# roadstar 620



## 97004 (Dec 20, 2005)

its a bit late now i know because we pick it up on jan 7th but has anyone got the roadstar 620 and if so what do you think of it , we are new to this


----------



## arvy (May 9, 2005)

Hi Mattthebat, sorry cant help you with the 620, we have a 786 and like yourselves we are fairly new to this(had it about 8 months now) but be sure to have everything explained on handover even take some notes with you with questions you want to ask, have a good walk round the van inside and out. I think most people have a few teething problems with vans I had a light fitting missing and the caravan door handle is playing up but my dealer is very good and has sorted these quite promptly. I`m sure someone on this site will come along shortly and add to this. Have fun in your new van and see you on the road :lol: 
Alan.


----------



## DJP (May 9, 2005)

*Lunar*

Hi Mattthebat
We have a 630 and had some teething problems, but all ok now.
Suggest you check a couple of items on handover.
Water pressure in shower and in toilet. Ours was very poor. 8O 
Fill kitchen sink 1/2 full and make sure it drains away quickly. :? 
On Heki? roof vent, open and close the black fly screen section a few times to make sure it folds up as it should do.
The oven is worth checking out, but that takes a bit longer. Ask the dealer how the thermostat works! We were told switch on full and light, wait 30 mins, then turn to required temperature!!. :evil: We had oven replaced when we found wherever control knob was immediately after lighting, made no difference! New oven was the same and then we were given instruction how to work it.
Totally unacceptable, but thats it! We now have a microwave on board!

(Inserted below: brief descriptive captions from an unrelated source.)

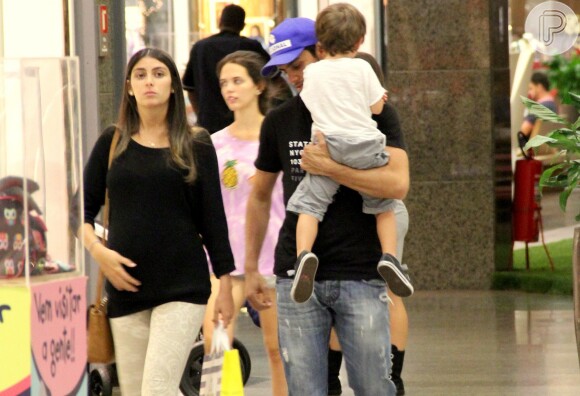 Felipe Simas conversava com a mulher enquanto carregava o filho nos braços
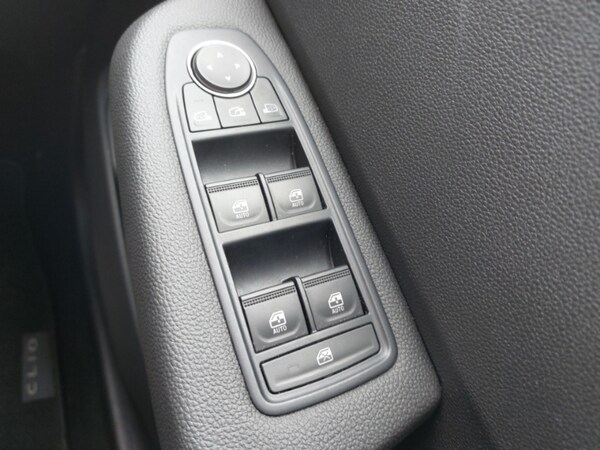 Used Renault Clio 2025 for sale - 76213463: Photo 12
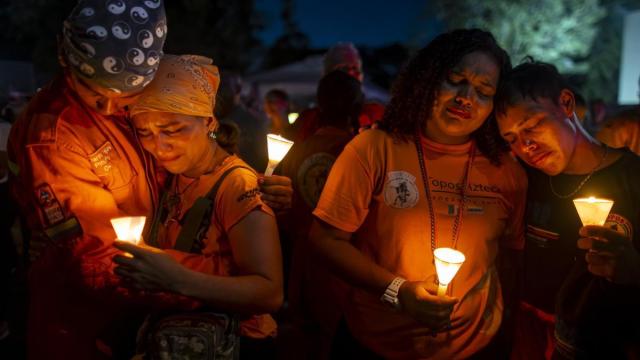 Una vigilia en Venezuela rinde homenaje a víctimas 100 días después de los terremotos
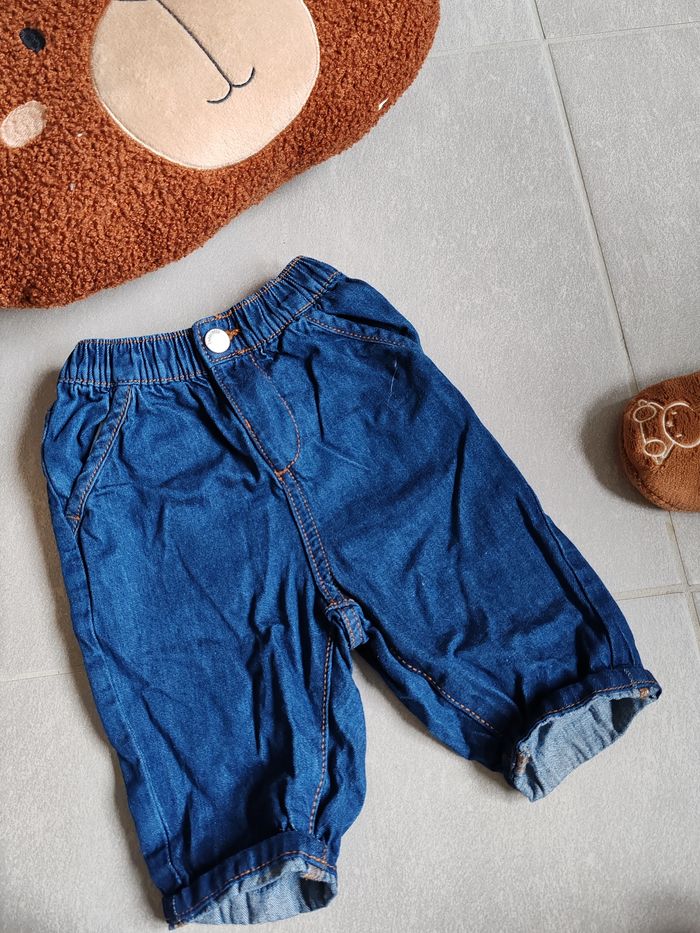 Superbe jeans mum hema 6m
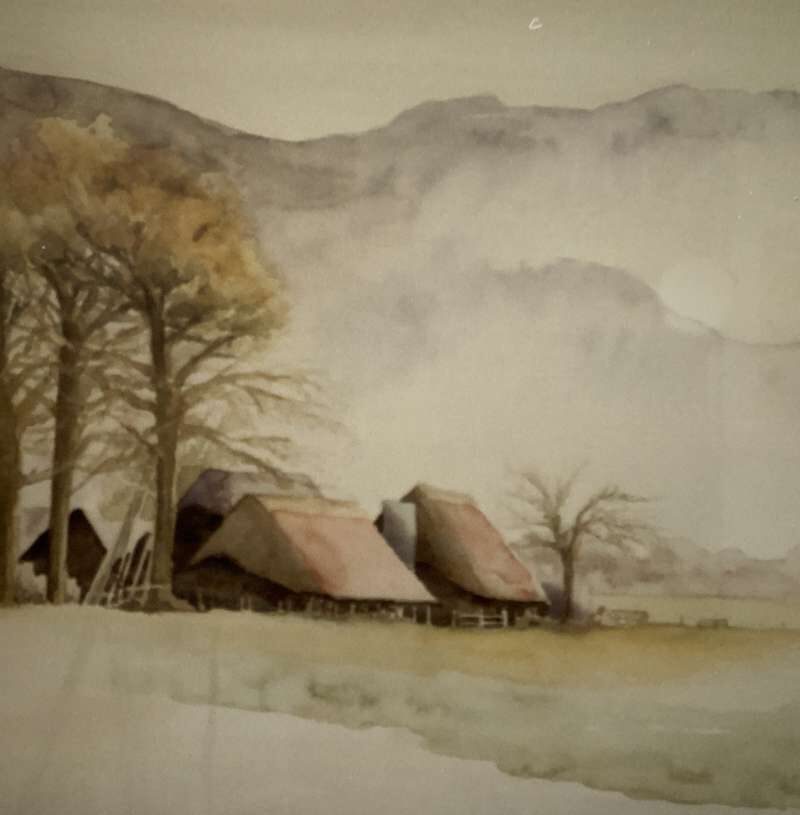 Sfeervolle aquarel van Jeroen Coenders van een Veluwse boerderij met karakteristieke daken in een mistig heuvellandschap.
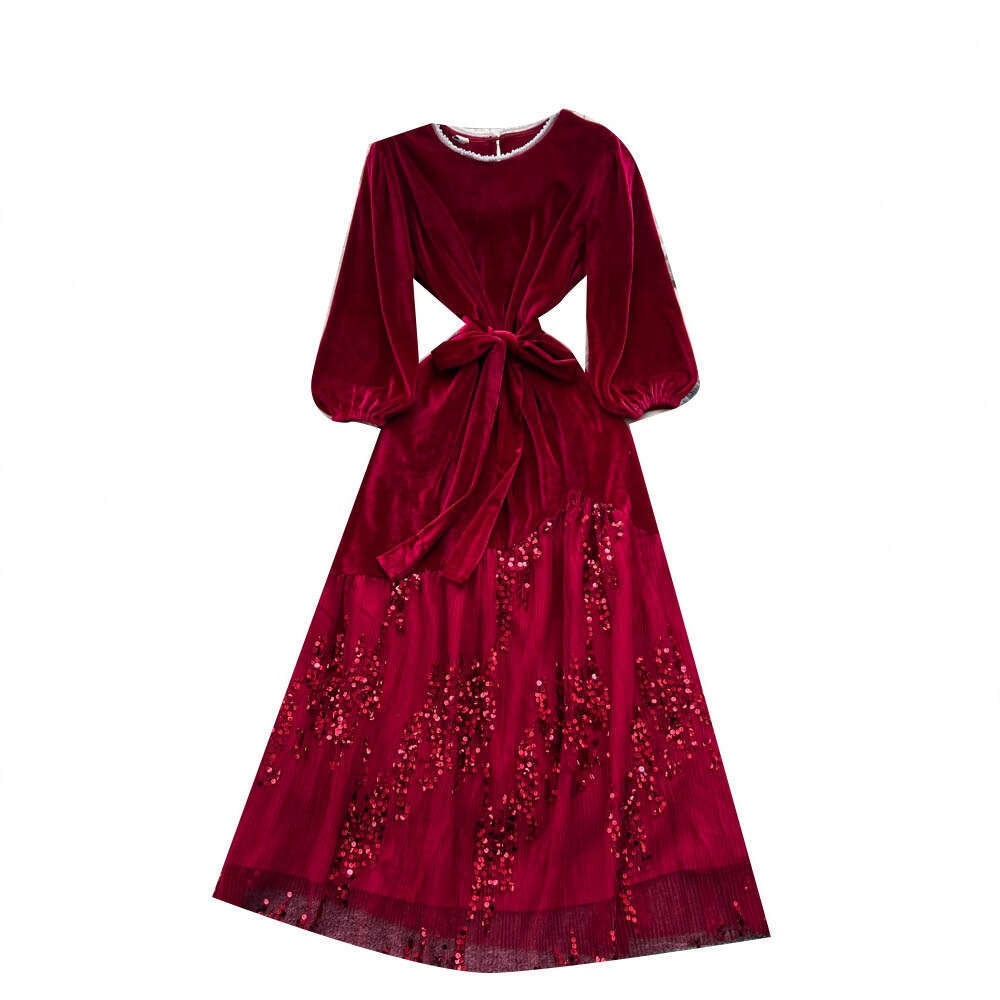 French style light luxury socialite dress with exquisite beaded round neck, long sleeved velvet waist, sequins and mesh combination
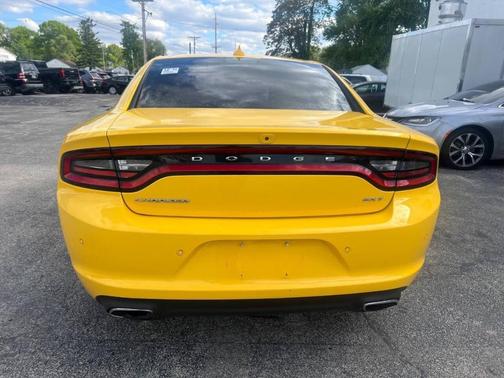Yellow 2017 Dodge Charger SXT
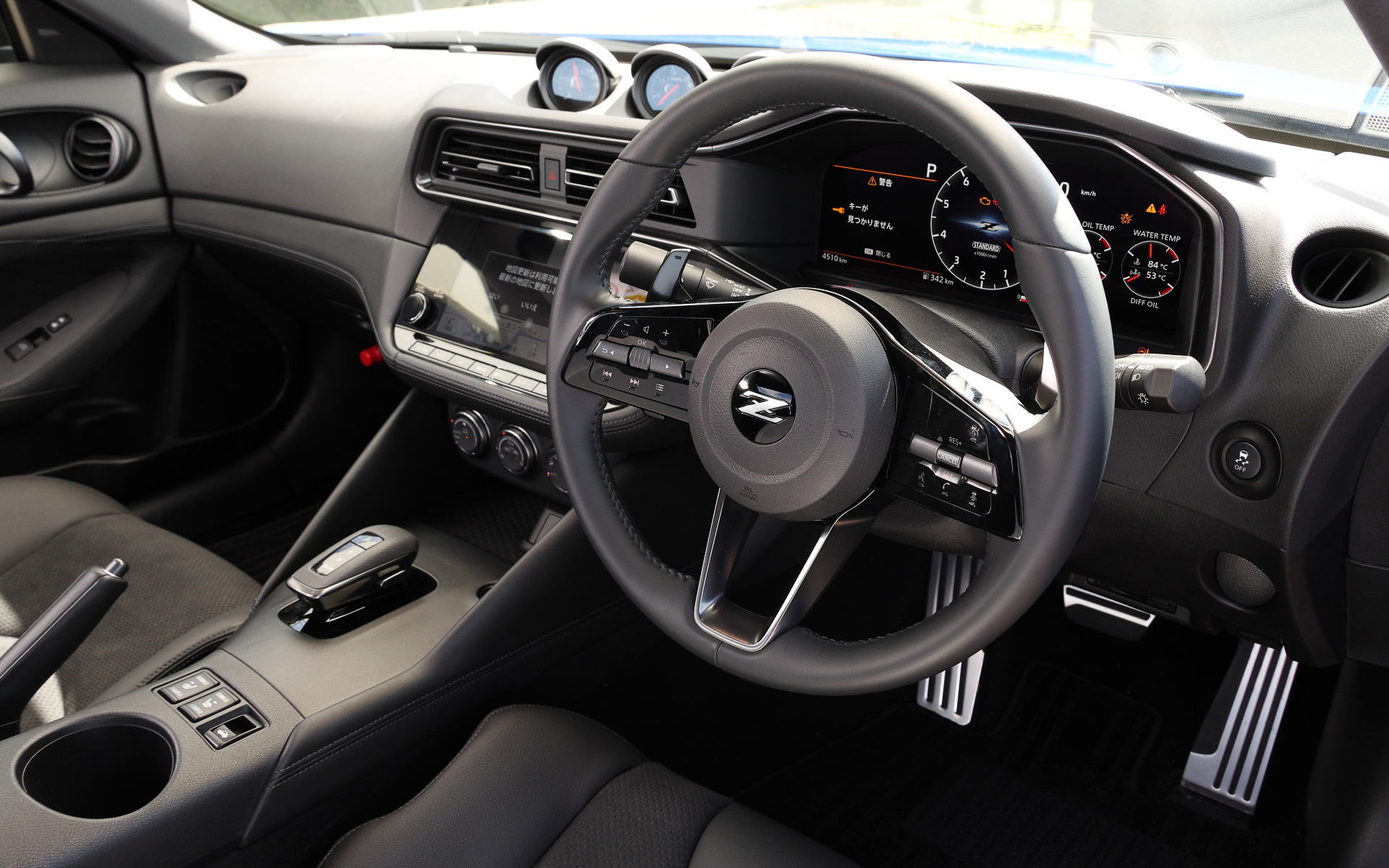 インテリアではセンタークラスターにS30型の3連サブメーターとエアコン吹き出し口、コントロールスイッチ類を積み上げた操作性に優れたデザインを現代的な技法で再構築。また、インストルメントパネル上の3連サブメーター(ブースト計、ターボ回転計、電圧計)は、歴代フェアレディZ同様の電圧計と走行中ターボの状態を把握できる2つのメーターをレイアウトした。シートについてはNISMOの開発で培ったノウハウを活かし、ホールド性とフィット感を向上。シートバックにスエードを採用する。なお、新型ではACCやエマージェンシーブレーキといった先進安全装備も与えられる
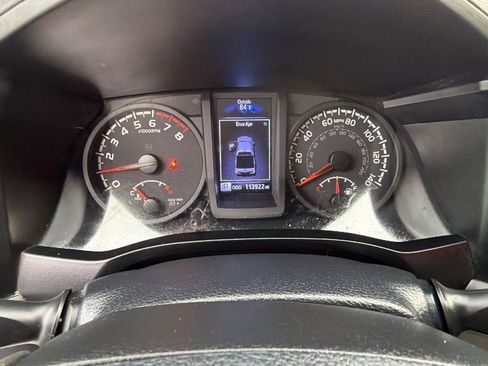 Used 2020 Toyota Tacoma SR AWD/4WD image 25
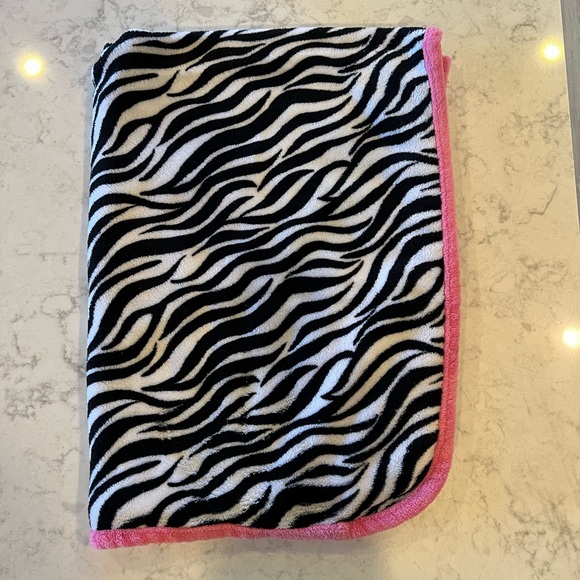 Christmas Pajamas & Zebra Blanket - Picture 7 of 7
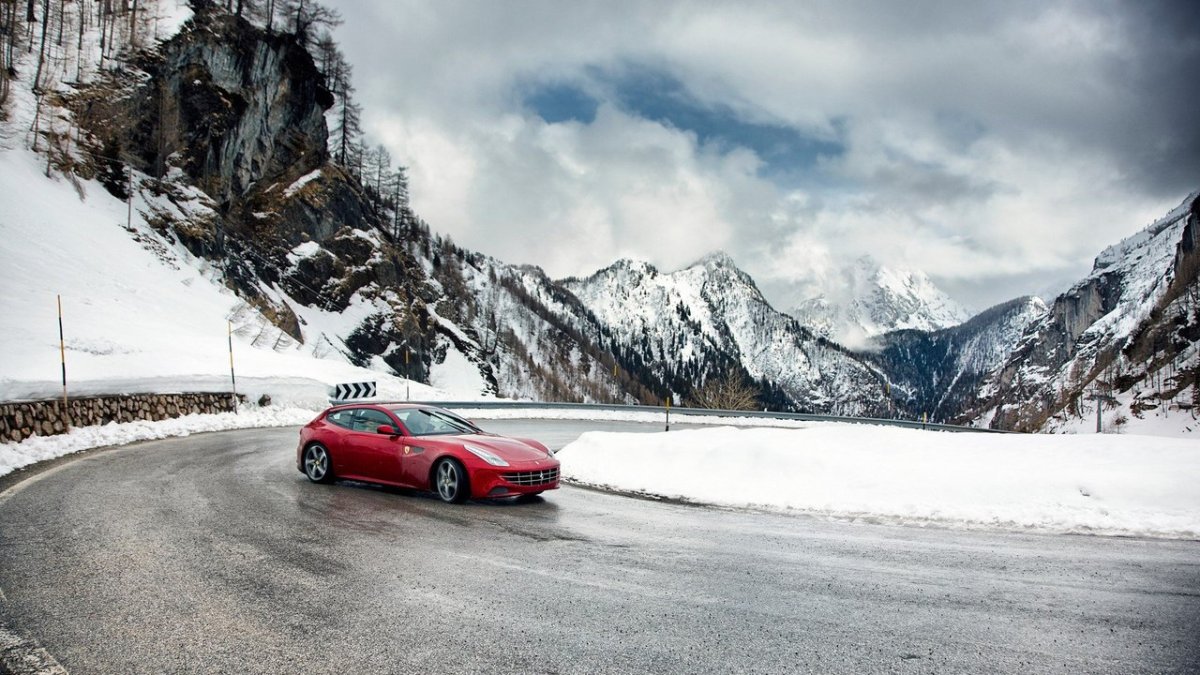 Ferrari FF дрифт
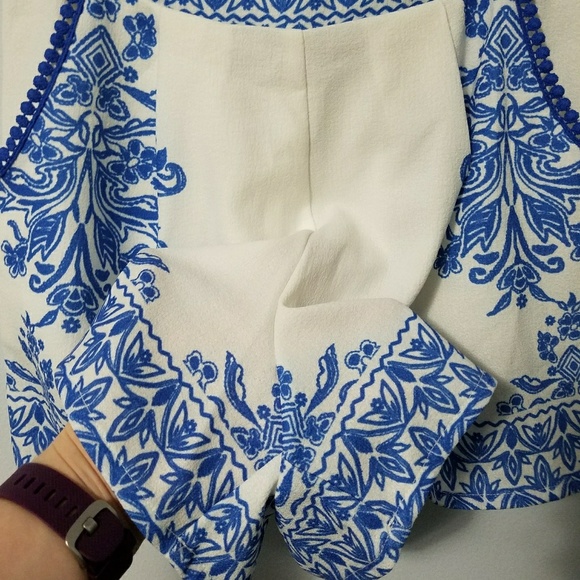 Beautiful Xhilaration printed dressy shorts, sz S - Picture 3 of 6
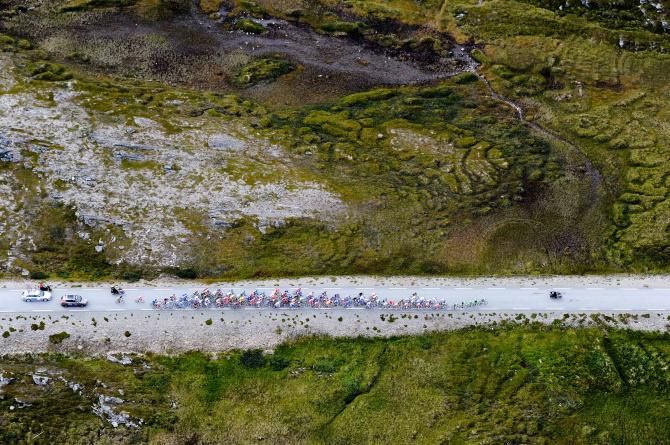 Belkin leading the front of the peloton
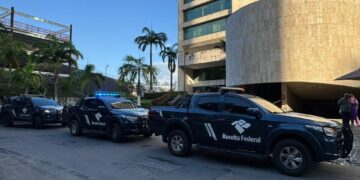 Operação contra bet suspeita de crimes fiscais e de movimentar R$ 5 bilhões de forma irregular faz apreensões no Recife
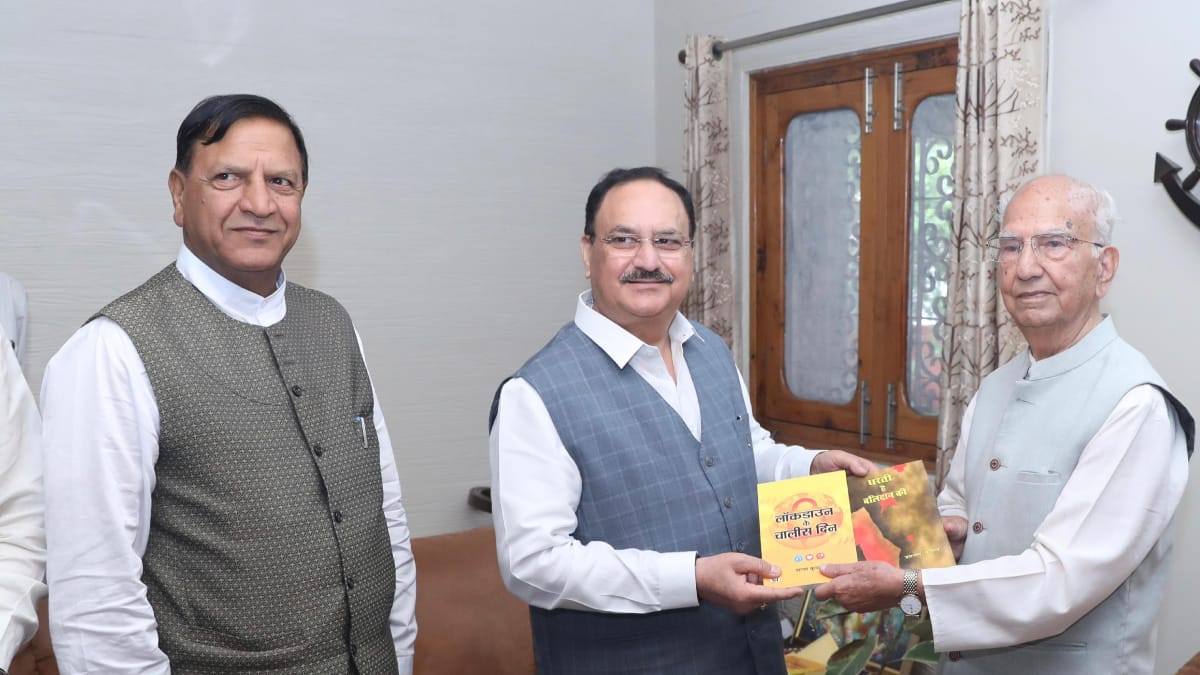 प्रेम कुमार धूमल और शांता कुमार से मिले जेपी नड्डा, हिमाचल में सियासी हलचल तेज, क्या हुई बात?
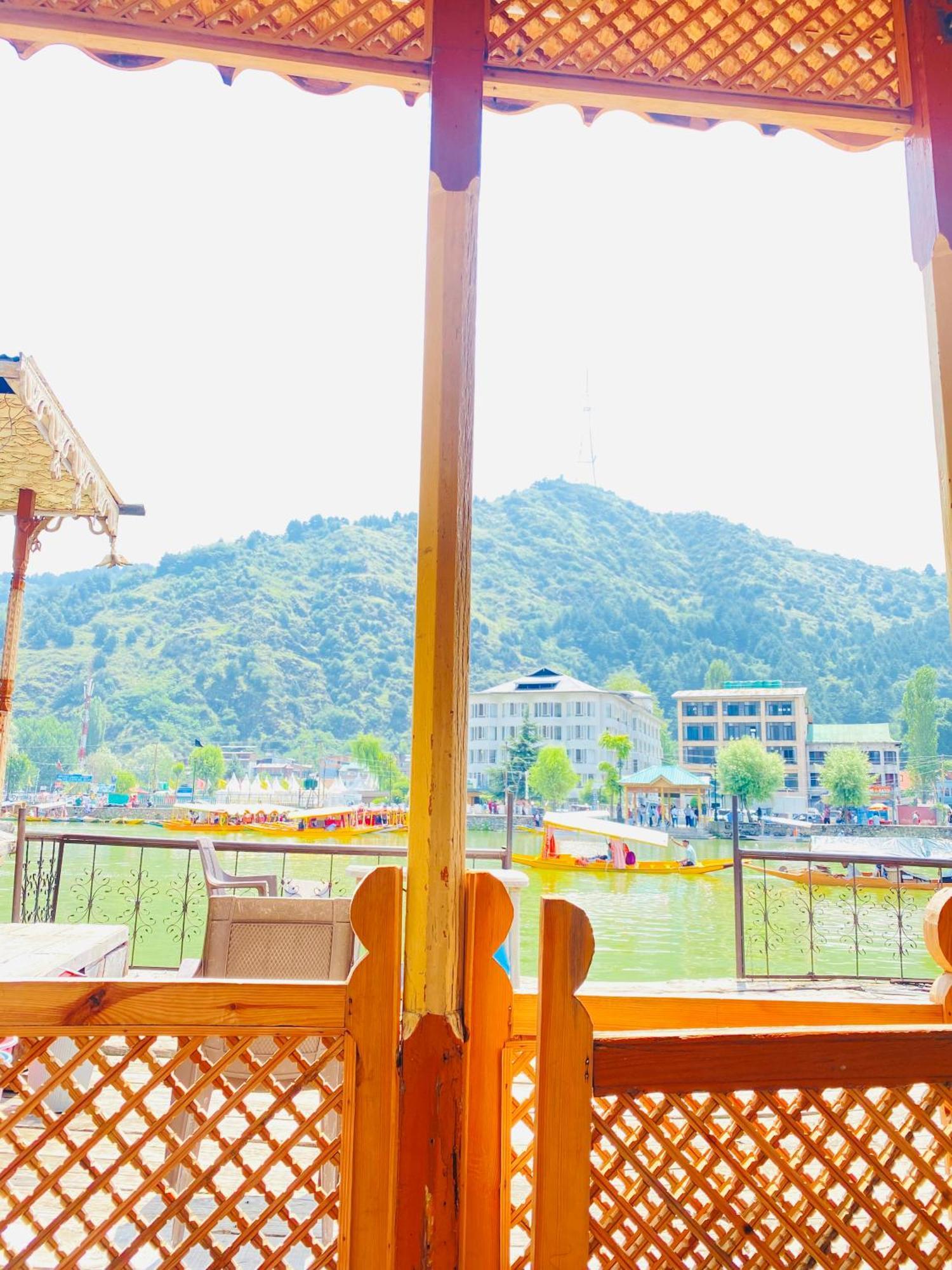 House Boat New Pala Palace Srinagar  Bagian luar foto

Good luck and enjoy it, we are! 
Dennis


----------



## Steptoe (Nov 8, 2005)

Just out of idle curiousity did you buy it from Wellsbridge Motorhomes? I spent ages looking round their demo van, as it was a good price, but the dealer lost the sale as (a) he wouldn't let me have a test drive, I could see his point regarding not racking up miles on a new van but at that time I had not driven a new sevel cab, and (b) he wouldn't take my old van in pt-ex but suggested he try to sell it for me on commission.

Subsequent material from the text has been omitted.